**Stored data:**
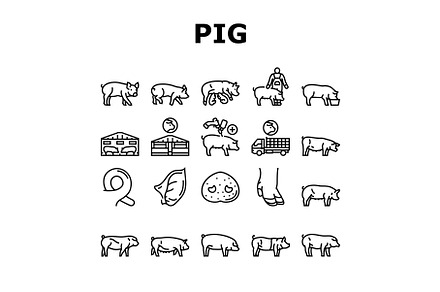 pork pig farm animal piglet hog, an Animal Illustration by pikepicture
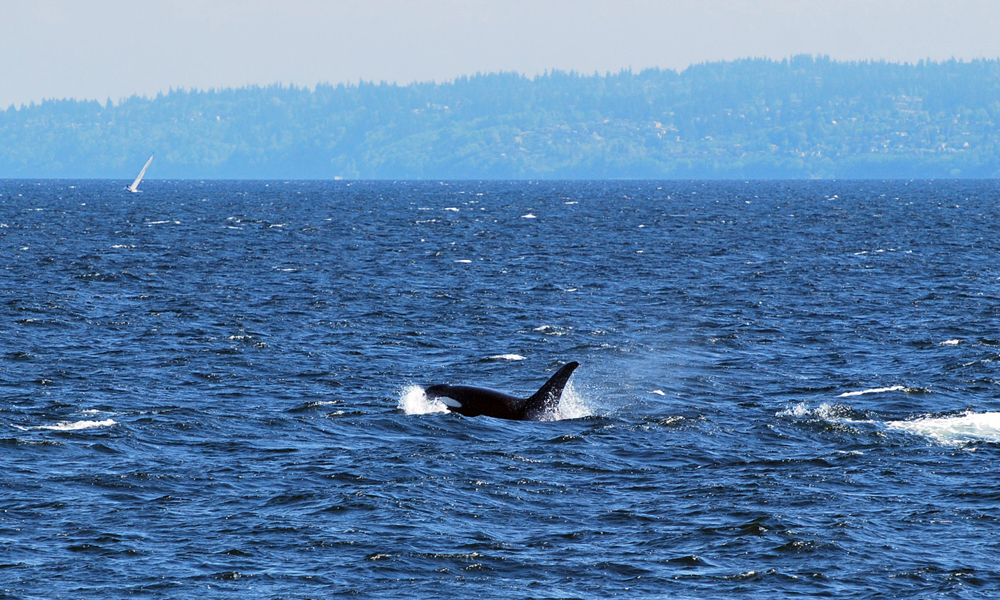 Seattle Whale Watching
==
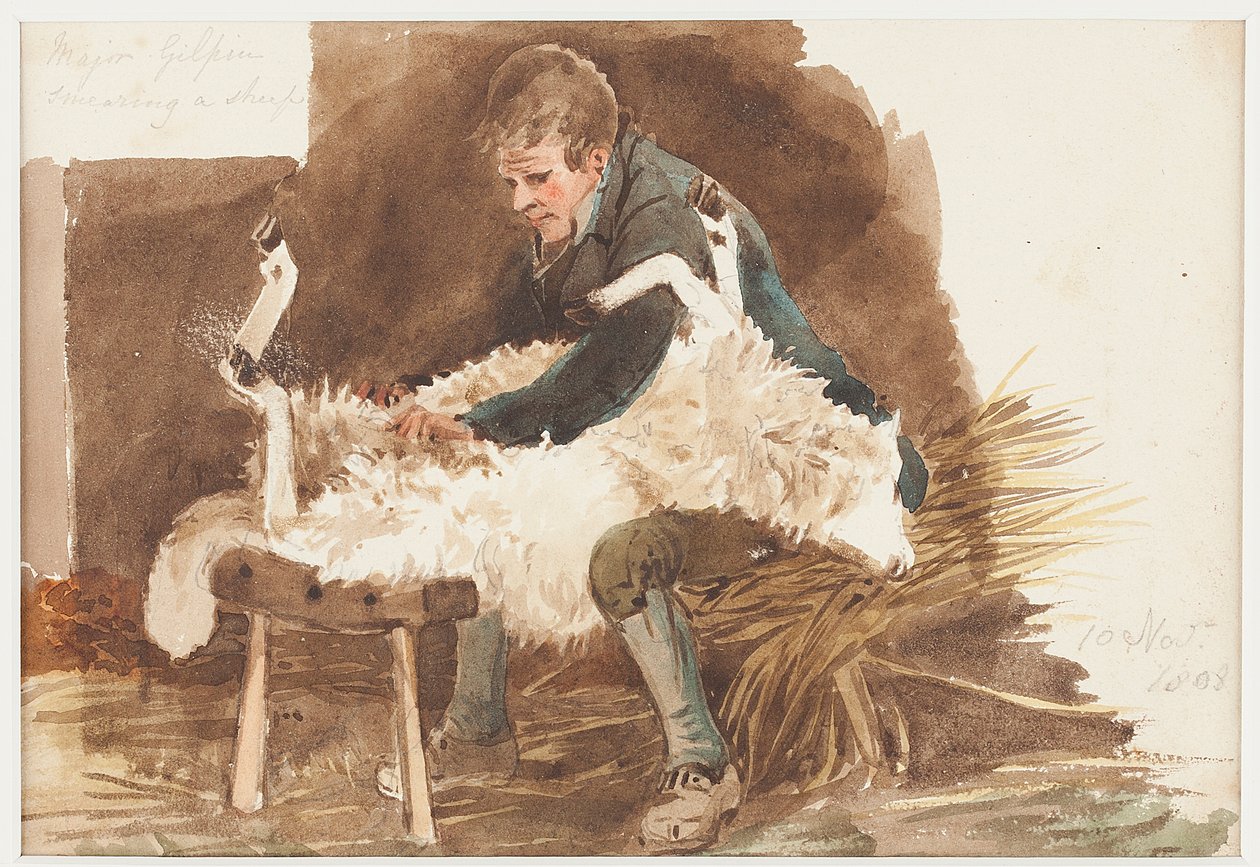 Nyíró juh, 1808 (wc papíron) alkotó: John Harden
==
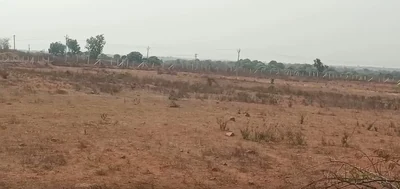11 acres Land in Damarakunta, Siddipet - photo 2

**What this task involves:** With the pictures omitted, print the lines above exactly, beginning at the line with "pork pig farm" and going on through the line with "Seattle Whale Watching".

**Answer for the task:**
 pork pig farm animal piglet hog, an Animal Illustration by pikepicture
 Seattle Whale Watching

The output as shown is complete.